Abstract
Ultrafiltration/diafiltration (UF/DF) plays an important role in the manufacturing of biopharmaceuticals. Monitoring critical process parameters and quality attributes by process analytical technology (PAT) during those steps can facilitate process development and assure consistent quality in production processes. In this study, a lab-scale cross-flow filtration (CFF) device was equipped with a variable pathlength (VP) ultraviolet and visible (UV/Vis) spectrometer, a light scattering photometer, and a liquid density sensor (microLDS). Based on the measured signals, the protein concentration, buffer exchange, apparent molecular weight, and hydrodynamic radius were monitored. The setup was tested in three case studies. First, lysozyme was used in an UF/DF run to show the comparability of on-line and off-line measurements. The corresponding correlation coefficients exceeded 0.97. Next, urea-induced changes in protein size of glucose oxidase (GOx) were monitored during two DF steps. Here, correlation coefficients were ≥ 0.92 for static light scattering (SLS) and dynamic light scattering (DLS). The correlation coefficient for the protein concentration was 0.82, possibly due to time-dependent protein precipitation.
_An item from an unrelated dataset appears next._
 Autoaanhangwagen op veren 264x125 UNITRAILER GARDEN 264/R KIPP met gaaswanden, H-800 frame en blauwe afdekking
Finally, a case study was conducted with a monoclonal antibody (mAb) to show the full potential of this setup. Again, off-line and on-line measurements were in good agreement with all correlation coefficients exceeding 0.92. The protein concentration could be monitored in-line in a large range from 3 to 120 g L− 1. A buffer-dependent increase in apparent molecular weight of the mAb was observed during DF, providing interesting supplemental information for process development and stability assessment. In summary, the developed setup provides a powerful testing system for evaluating different UF/DF processes and may be a good starting point to develop process control strategies.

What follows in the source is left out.